Ah, now I am remembering why I didn't go into forensic pathology, as much as I find it fascinating. Even with bad jokes, I wouldn't cope.

(That said, i_am_a_Jedi, should I ever wind up on your table, for the love of all that's right and holy, get a good laugh out of me. I'm the eternal straight woman in life -- might as well keep that up :) )
posted by kalimac at 11:54 AM on April 24, 2008


Other times he would come home from work and not say anything about the day, but we could tell the weight of something was lingering and we probably didn't want to know the details.

I heard that. And I hope no one got me wrong. I have total respect for those who can handle this and do their job. I knew from a young age that person wasn't me and repeated exposure to it just confirmed that.
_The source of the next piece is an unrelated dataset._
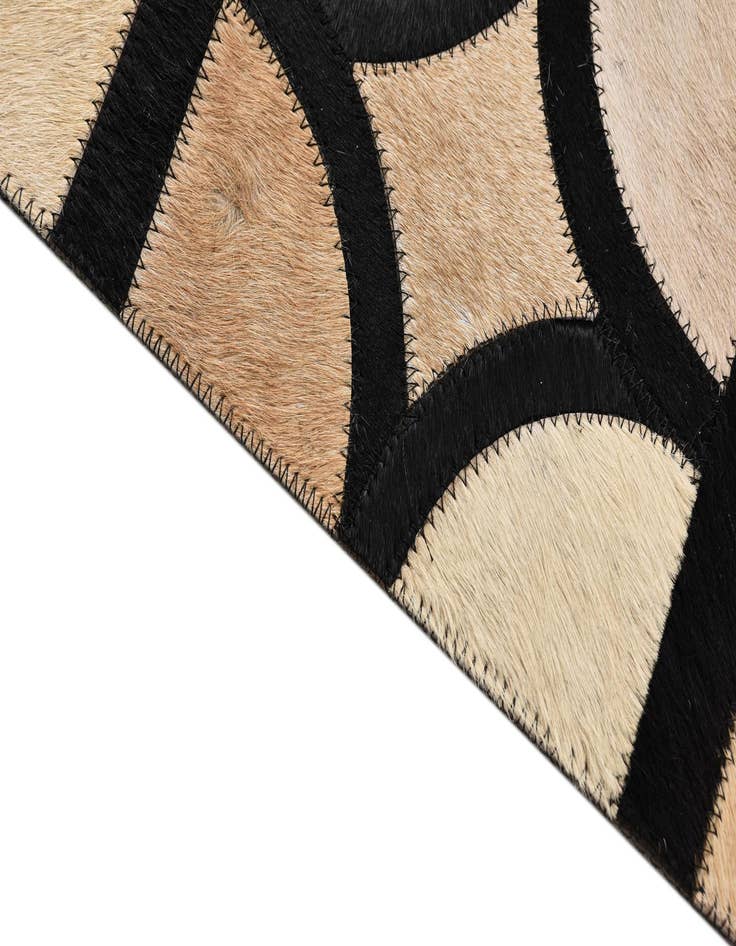 Detail image of  5' x 7' 10 Cowhide Rug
I got no problems with blood and injuries and gore - doesn't bother me in the least - but I could never separate it from the human factor and that does bother me. A lot. I don't think anyone really can separate the two. Even the "asshole" doctors who I admire to no end because they somehow manage it. Bad jokes only go so far.
posted by three blind mice at 1:40 PM on April 24, 2008


He always cut birthday sheet cakes in a Y as if it were a chest incision.

Now that's funny.
posted by Faint of Butt at 1:53 PM on April 24, 2008


Generally the type of low-brow, juvenile humor that you'd expect from jaded middle-aged multiply-divorced, almost-misogynistic guys. The kind that probably makes most mature listeners cringe and that I shouldn't find funny (but I do). Ahem.

In first-year uni, my friends doing pathology used to say the same thing about the techs in the dissection room, although weird and crazy were more commonly used terms.

Apparently, they used to try to make get a reaction out of the squeamish students - send them to get things from a particular room without warning them that a body was being embalmed in there, shock value stuff.

I still remember the story of one person asking one of the technicians the best way to examine the posterior aspect of the knee, since the cadaver was lying on it's back. "No Problem" - technician fetches a big saw, cuts the leg off, promptly turns it over and says "There you go". Had the desired result, because the next sound heard was a loud bang as one of the students had fainted and hit the table on her way down.
posted by kisch mokusch at 5:50 PM on April 24, 2008


Haha. We generally make the med studs 'run the bowel.' Which is just as disgusting as it sounds. Always a crowd pleaser.